A new book, ‘God’s Bankers,’ sheds light on the Vatican Bank and the Nazis
Opinion: Pope Francis must answer questions about church’s financial dealings with Hitler
It’s time for Pope Francis to confess.
His Holiness has said he wants to bring a newera of openness and light to the Roman Catholic Church.
Good for him.
He can start by at last throwing open the Vatican’s secret records about its shady dealings with Hitler, Mussolini and their allies before, during and after World War II.
(Market Watch) – What did the Vatican know about the Holocaust and other atrocities taking place? How much did it cover up? And, most of all, how much did it profit from them?
Those issues have been given new life by the publication of Gerald Posner’s new book, “God’s Bankers: A History of Money and Power at the Vatican,” which details for the first time all that we do know about the financial shenanigans in the Holy See from that time. But it is tantalizing how much remains buried in the Vatican’s so-called “Secret Archive,” hidden from prying eyes.
These are not private or confidential Roman Catholic Church matters that have no business being aired in public. These relate directly to the church’s conduct during and after the war — as a moral authority in the world, a sovereign state, an investor and as an offshore bank.
Here are the questions that Posner’s book raises and which the pope should answer if he seriously wants to be considered “the People’s Pope.”
The scale of the Vatican’s financial entanglements raises too many questions for us to ignore.
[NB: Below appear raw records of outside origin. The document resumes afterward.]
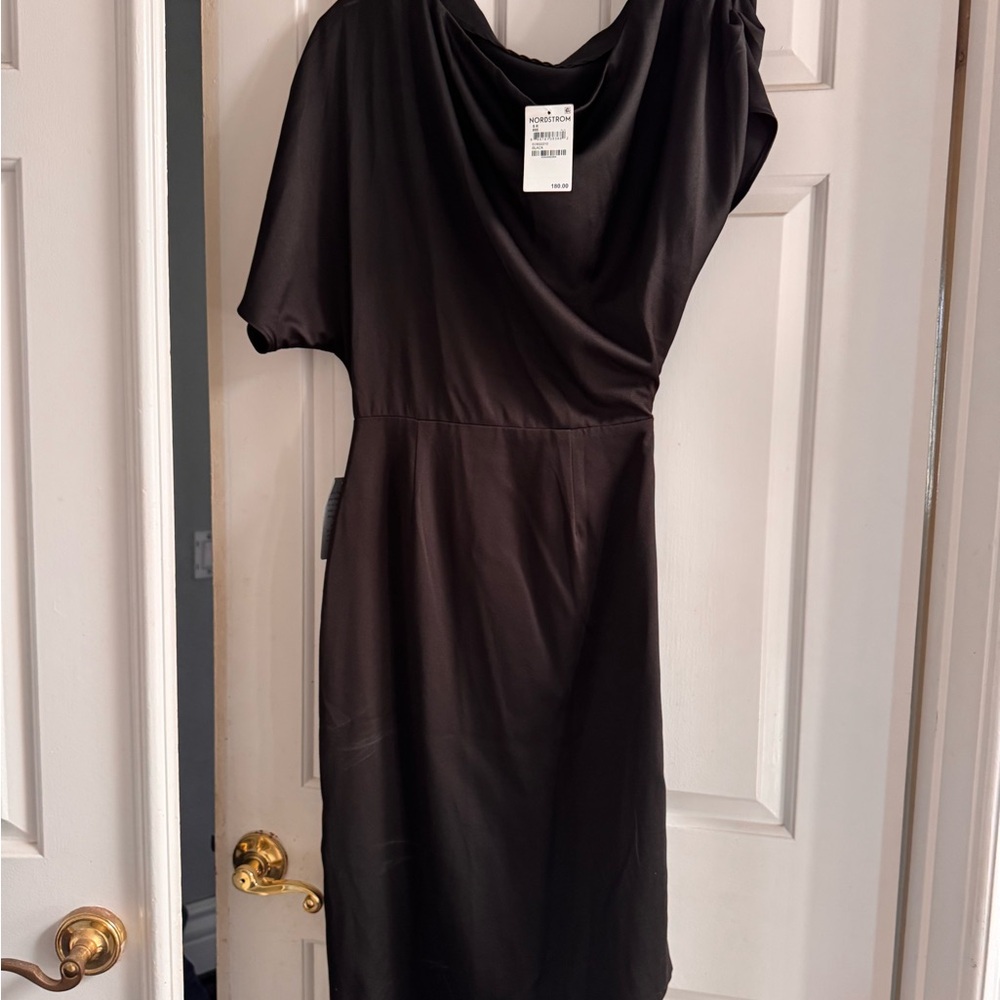 Nordstrom Asymmetrical Black Dress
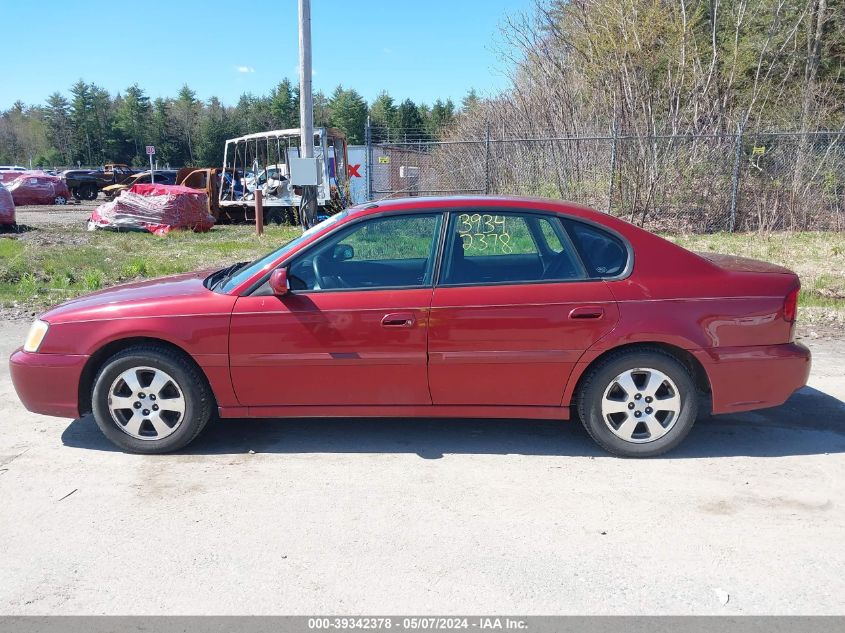 4S3BE635847200089 | 2004 SUBARU LEGACY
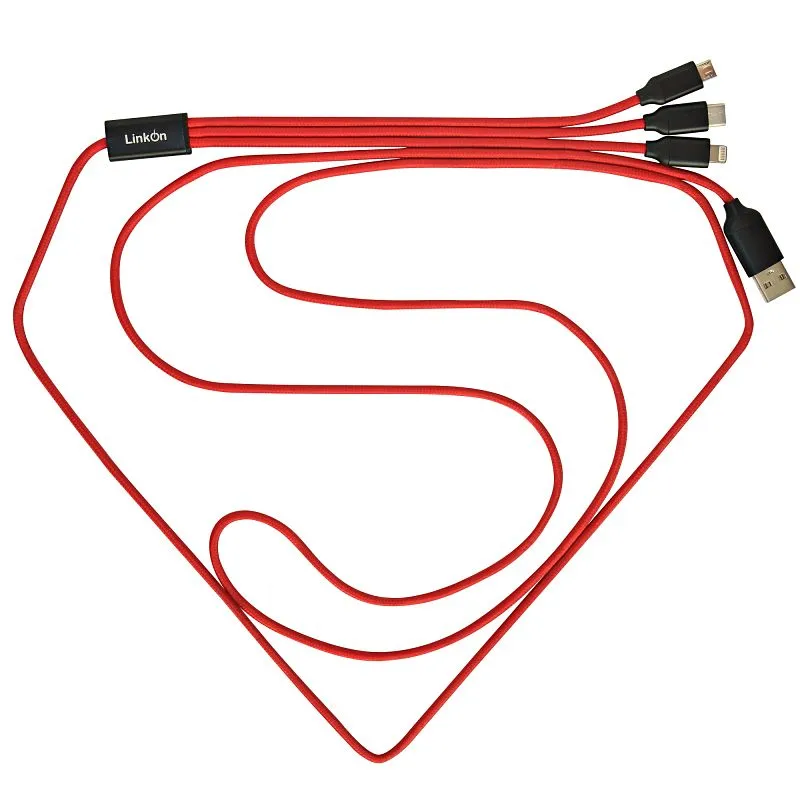 LinkOn 3 in 1 Multi Charging Cable (Red)
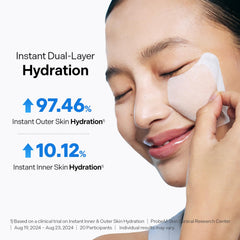 Torriden serum drop on pad highlighting hydrating formula for intense moisture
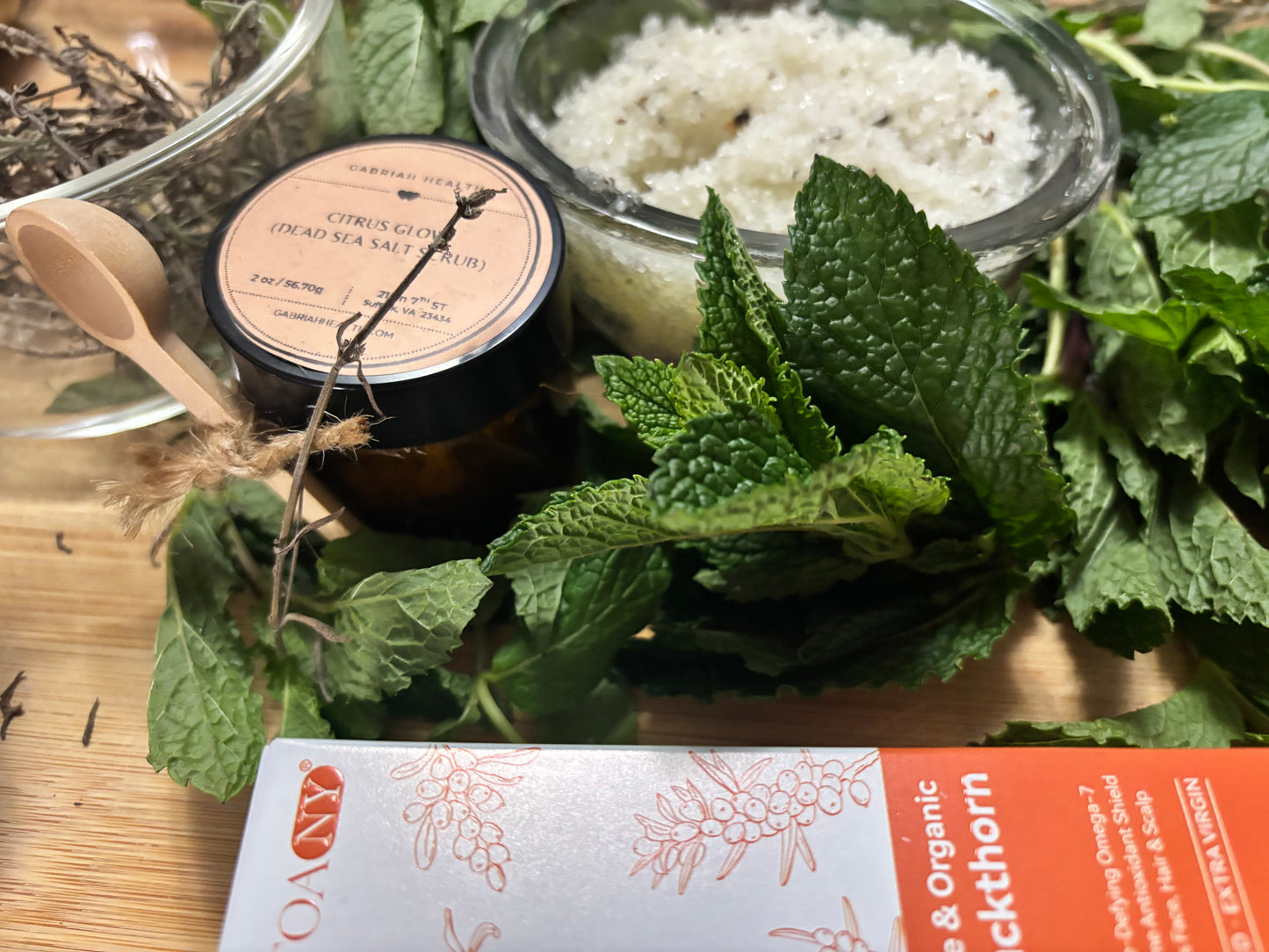Citrus Glow Salt Scrubs- 2 ounce jars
How much money did the Vatican receive each year from Hitler in the guise of the so-called “Kirchensteuer,” or church tax, which he levied on its behalf in the Reich? (Posner finds that this tax came to $1.7 billion — in today’s money — in 1943 alone.) How far did that influence Pope Pius XII’sinfamous policy of silence about the rising atrocities against Jews and others throughout occupied Europe — atrocities that the Vatican received the first direct, eyewitness evidence as early as 1941?
How much money did the Vatican make by investing in Italian munitions manufacturers in the 1930s at the start of Mussolini’s wars of conquest and slaughter, wars that the church (initially) blessed?
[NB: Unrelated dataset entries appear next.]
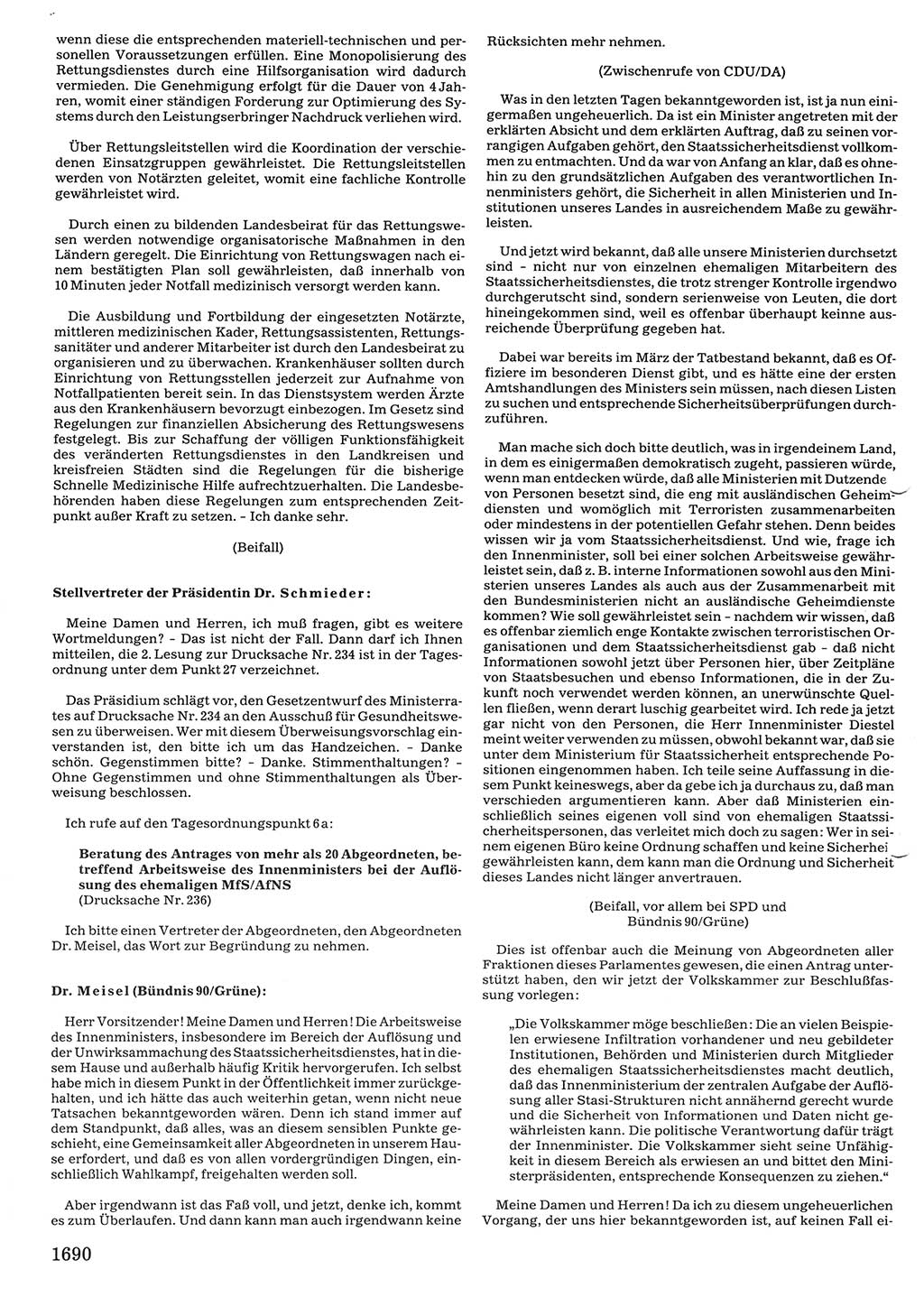 Tagungen der Volkskammer (VK) der Deutschen Demokratischen Republik (DDR), 10. Wahlperiode 1990, Seite 1690 (VK. DDR 10. WP. 1990, Prot. Tg. 1-38, 5.4.-2.10.1990, S. 1690)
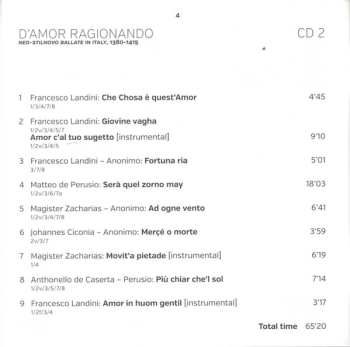 3CD/Dobozkészlet Pedro Memelsdorff: Vertù Contra Furore (Musical Languages In Late Medieval Italy 1380-1420)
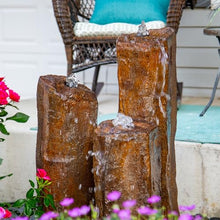 Aquascape Faux Basalt Column Landscape Fountain Kit with AquaBasin and Pump, Set of 3 Columns, 78366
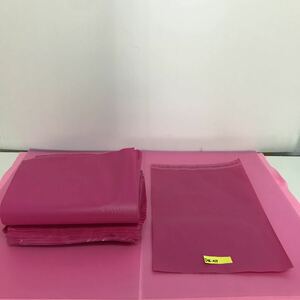 D36-014 Pink vinyl bag Summary Size 32.5㎝ × 24 cm wide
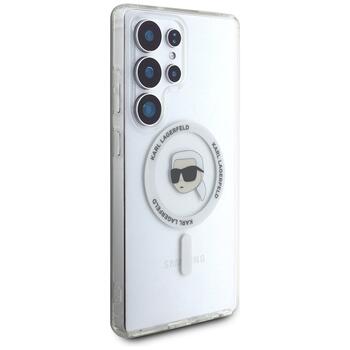 Karl Lagerfeld Button Karl Head Printed Logo MagSafe Чехол для Samsung Galaxy S25 Ultra (KLHMS25LHLSKIH)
Why did the Vatican choose to invest in big Italian insurance companies after Mussolini purged them of Jewish owners and board members (but not Jewish customers)? And how much did senior figures at the church know about those companies’ policy of denying life-insurance claims for Holocaust victims during the 1940s on the grounds that the families couldn’t produce a body?
How much gold looted by Nazis and fascists from occupied Europe made its way into the vaults of the Vatican Bank at the end of the war? What happened to that gold afterward? Did any of it go to South America to support the lifestyles of death-camp commanders and gas-chamber operators who had been helped to escape by the so-called “ratline” run by sympathetic priests? Were U.S. intelligence reports, which described a convoy of trucks loaded with gold arriving in St. Peter’s Square, accurate or not?
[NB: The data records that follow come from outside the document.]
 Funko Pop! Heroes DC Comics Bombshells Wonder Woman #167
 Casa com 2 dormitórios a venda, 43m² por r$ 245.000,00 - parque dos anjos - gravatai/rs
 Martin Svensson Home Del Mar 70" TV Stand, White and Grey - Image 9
And why did the Vatican refuse to join with the Swiss banks and others in making settlements with survivors’ groups and heirs in the 1990s?
Maybe there are innocent explanations for many of these questions. But they can’t be dismissed with a wave of the hand.
The scale of the Vatican’s financial entanglements raises too many questions for us to ignore. And these involve moral imperatives. As early as March 1942, a guilt-ridden SS officer went to the Catholic bishop of Berlin and gave him the first, detailed account of systematic, industrialized death-camp operations, at Belzec. The shocked and horrified bishop sent the information to the Vatican both by diplomatic pouch and by encoded telegram. Yet the information apparently wasn’t broadcast, or shared with other countries. If not, why not?
The Vatican had a gigantic network of priests in every town across Poland, ground zero for the death squads and the Holocaust. How much was reported back and when?
The Vatican has steadfastly refused to answer those questions. I tried again last week, with both the office of the Nuncio in Washington and the media-relations department in Rome, but received no response. (If that changes, I will update this article.)
Pope Francis will be visiting America in September. The president, the media and other public figures ought to stand shoulder to shoulder with Jewish groups and insist that if he wants to be hailed for his openness and candor, he has to be open and candid first.